At last, we’ve had some movement on Capitol Hill toward enactment of a new federal transportation funding act.

The previous national spending measure for highways and related facilities expired in 2009, and Congress has extended that bill eight times; the current extension is due to expire on March 31.

As detailed elsewhere in this issue, two Democrats and two Republicans on the Senate Environment and Public Works Committee have agreed on a $109 billion transportation spending bill, ushered it through the committee and sent it to the full Senate for consideration.

While far from the full six-year bill that we’d like to see, it is a positive sign to see this committee make concrete progress toward addressing the critical needs of infrastructure repair and expansion.

Not only does this two-year plan maintain spending near the current level of $50 billion a year, it includes a plan to create a national freight transportation system that could help speed the repair of freight-related routes around the country.

It’s a relief to see some progress, considering the logjam that has dominated relations in Congress for months. To see four senators of both parties agree on a plan gives us some hope for the future.

The chairwoman of the Senate panel, Barbara Boxer (D-Calif.), said the legislation “is completely bipartisan and, therefore, no one is going to think it is perfect.”

The ranking Republican on the committee, James Inhofe of Oklahoma, agreed, saying that each of the senators “has given” on major points.

The other sponsors of the measure are David Vitter (R-La.) and Max Baucus (D-Mont.).

The next step for the panel is to find another $12 billion in order to fully fund the legislation; as of now, they can account only for about $97 billion.

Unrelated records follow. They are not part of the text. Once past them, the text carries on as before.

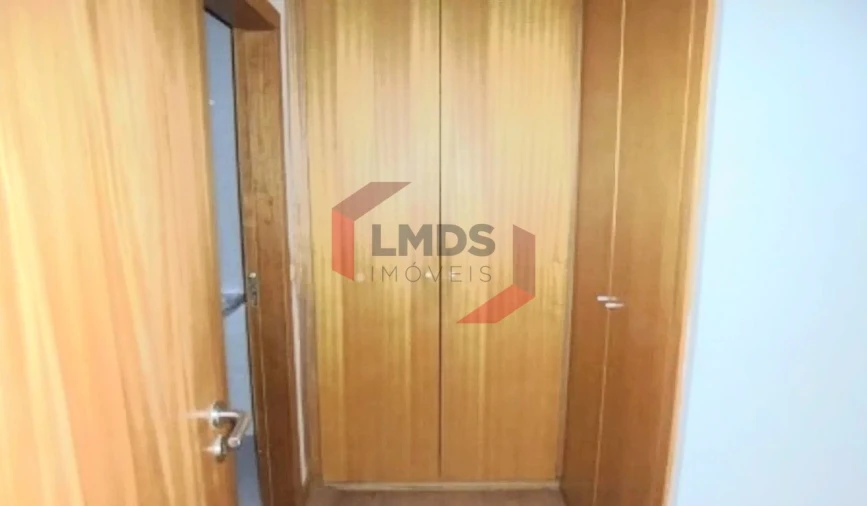 Apartamento T2 para Venda em Canelas Foto 12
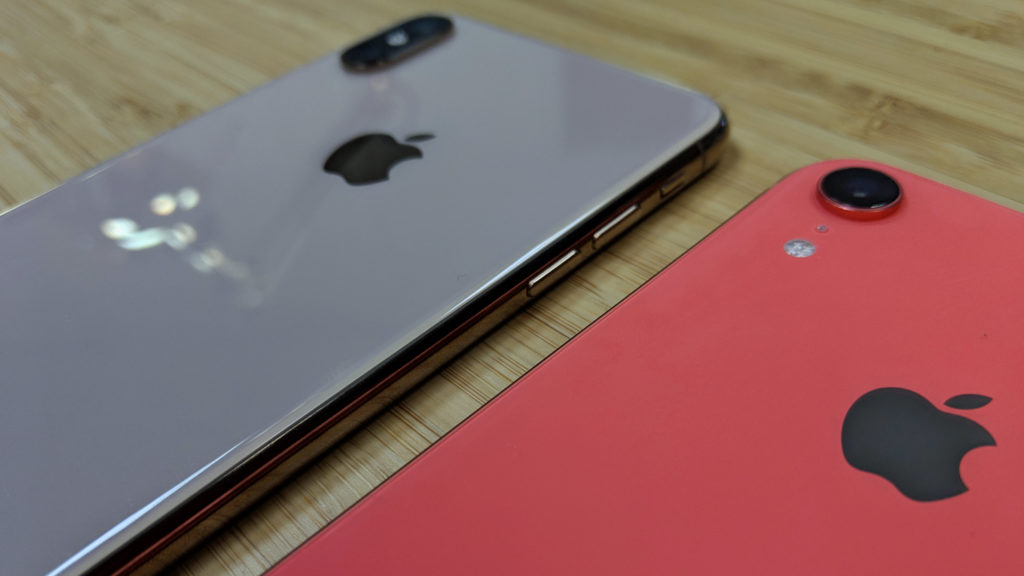 L'iPhone XR et l'iPhone XS. // Source : Numerama L'iPhone XR et l'iPhone XS. // Source : Numerama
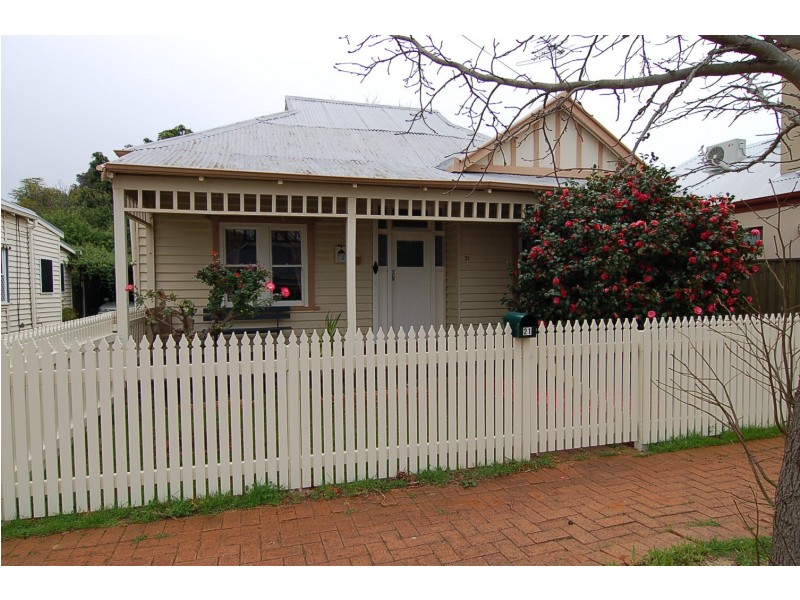 21 Station Street, Guildford WA 6055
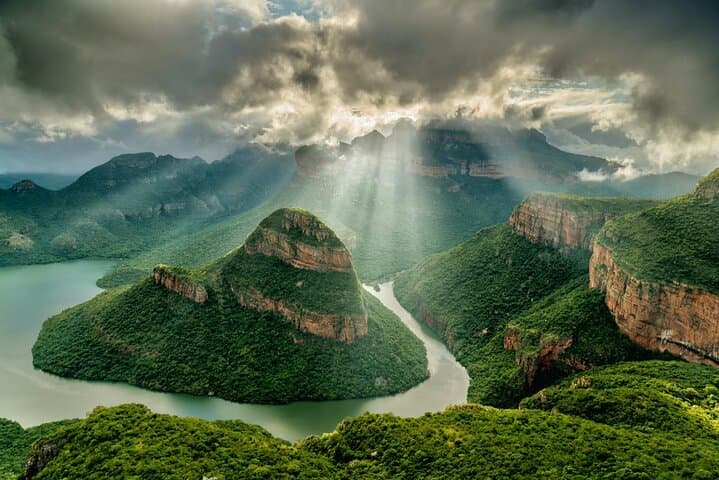Panoramic Tour of Drakensberg Mountain - Full day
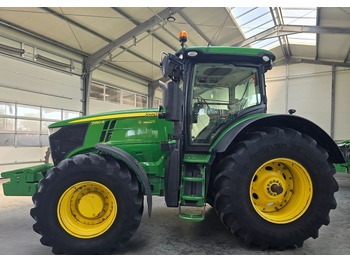 Трактор John Deere 7250R: фото 3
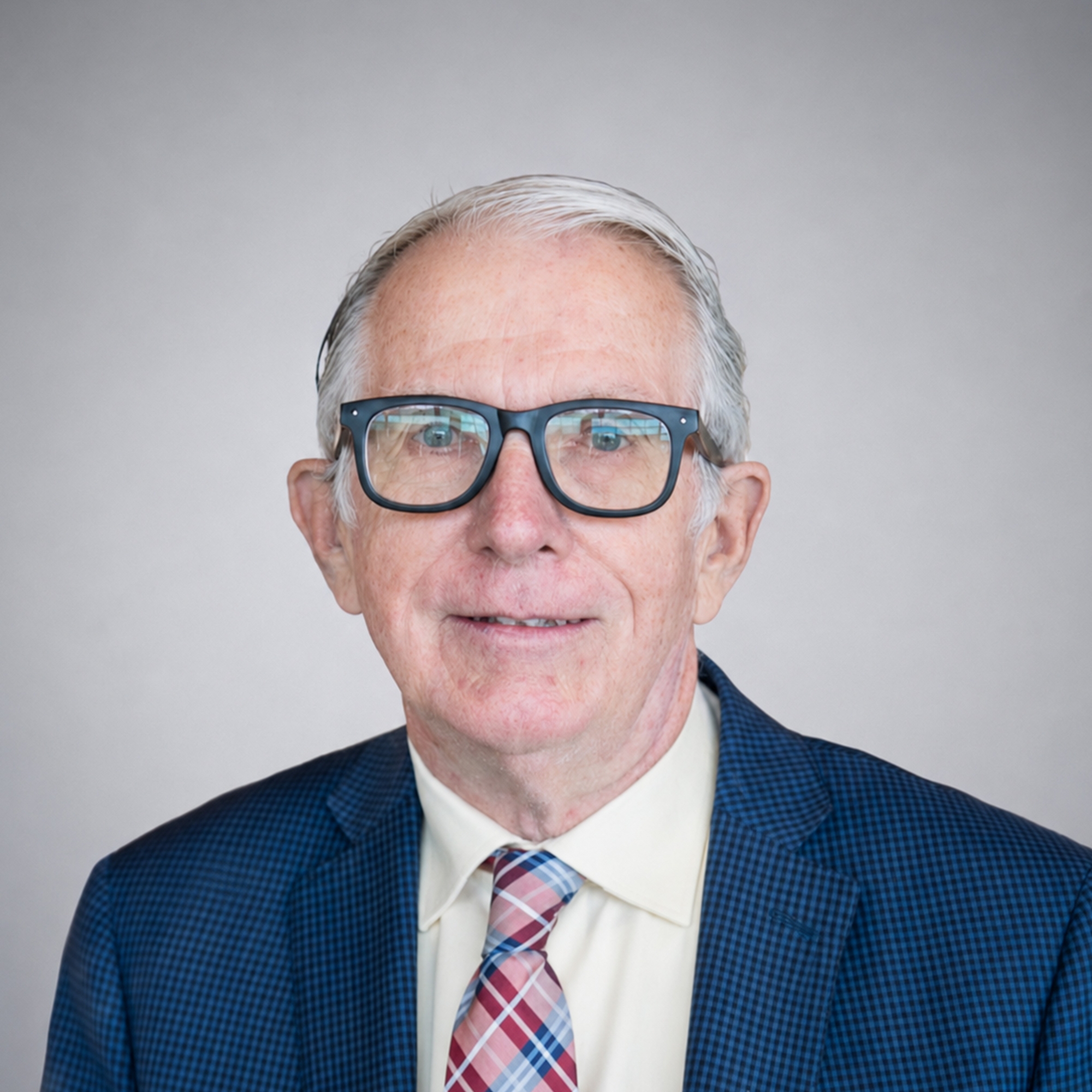 Ken Johnston headshot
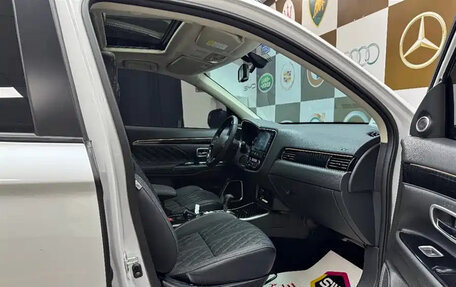 Mitsubishi Outlander III рестайлинг 3, 2022 год, 1 702 000 рублей, 10 фотография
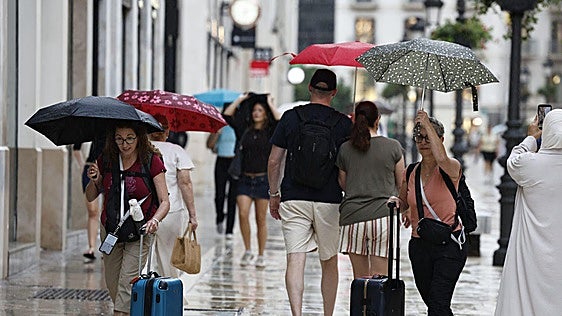 Umbrellas are up in Malaga province: yellow warning for rain this Monday extended to 8pm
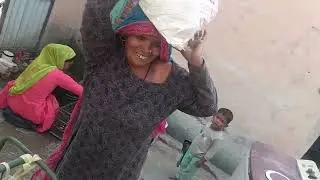 आज हम सकीना की बुआ के गांव पहुंचे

Baucus, who also is chairman of the Senate Finance Committee, assured his colleagues that the sponsors would find the additional money before asking the full Senate to endorse the plan.

We hope the leadership in House will take the Senate panel’s move as a call to action.

While Rep. John Mica, the Republican chairman of the House Transportation and Infrastructure Committee, has made it clear that he favors a six-year funding bill, as is usual, we urge him to work with the Senate to find a way to fund the nation’s transportation infrastructure system.